Problem:
Please, without any pictures, set down exactly the part of the listing below that opens with the line containing "Gourmet kitchen features" and closes with the line containing "Prince William speaking at a podium.".

Provided material:
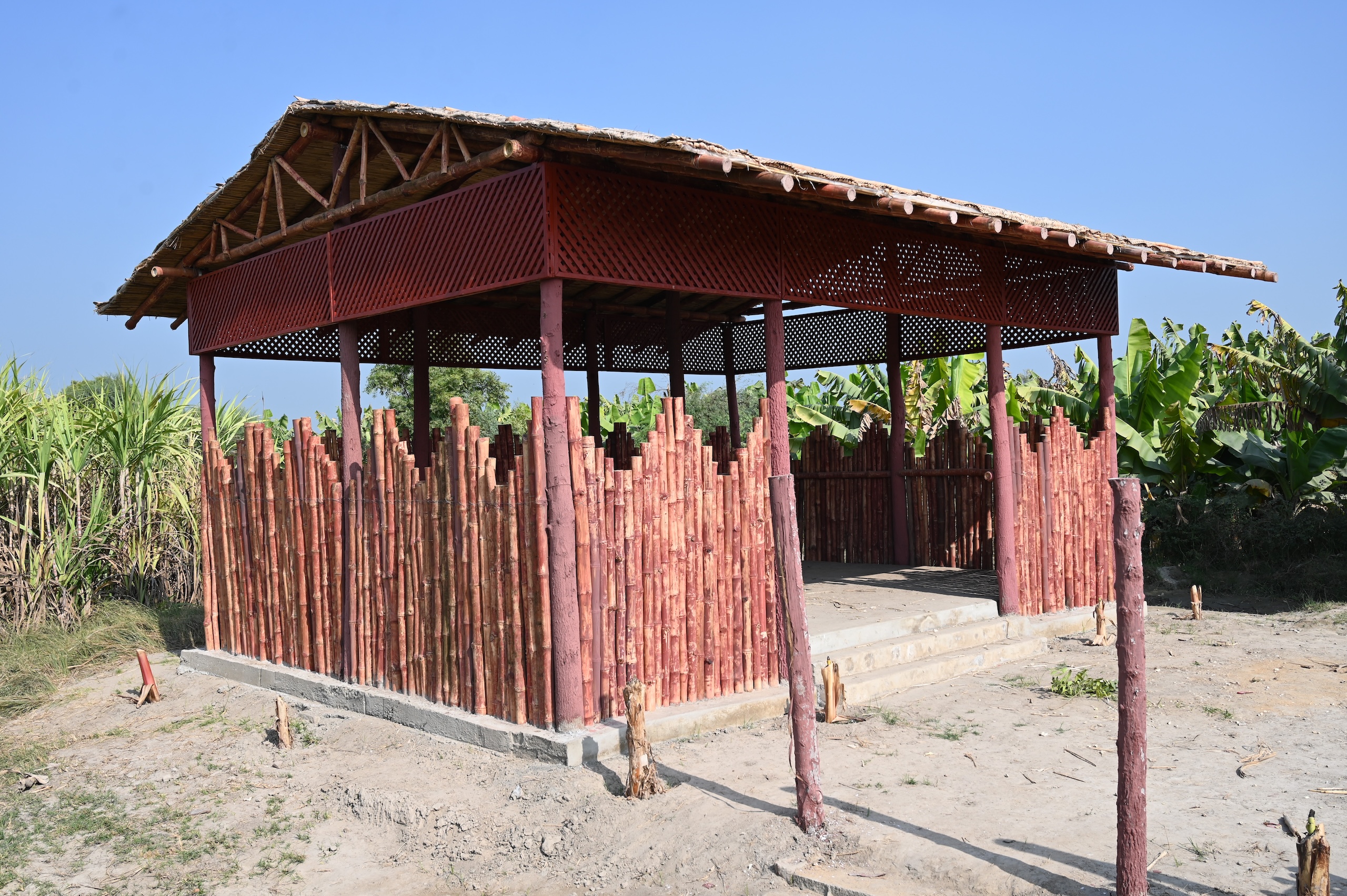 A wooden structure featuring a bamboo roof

...

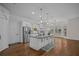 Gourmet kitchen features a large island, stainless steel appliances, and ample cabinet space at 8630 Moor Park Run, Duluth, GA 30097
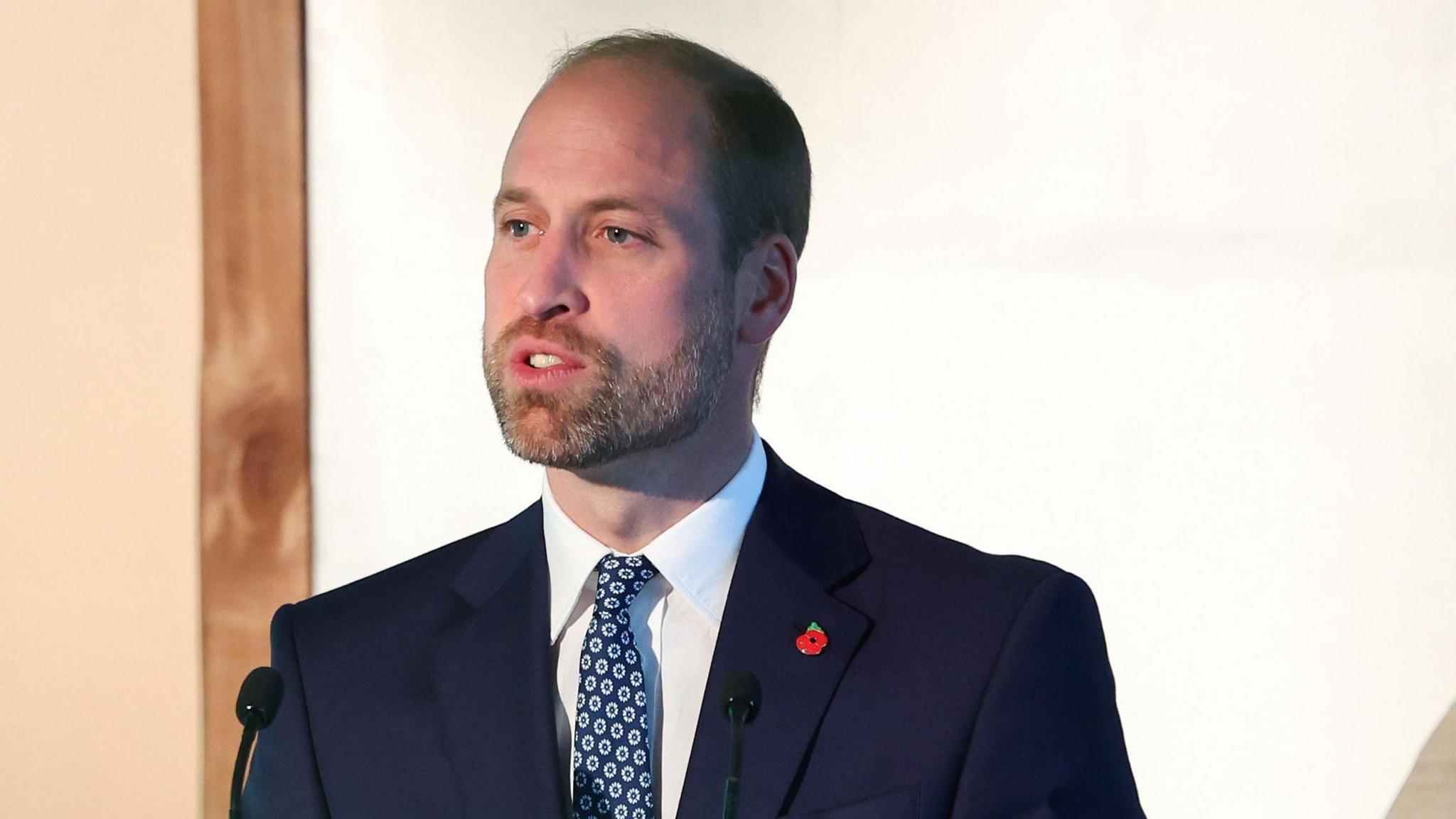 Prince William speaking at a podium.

Result of this exercise:
 Gourmet kitchen features a large island, stainless steel appliances, and ample cabinet space at 8630 Moor Park Run, Duluth, GA 30097
 Prince William speaking at a podium.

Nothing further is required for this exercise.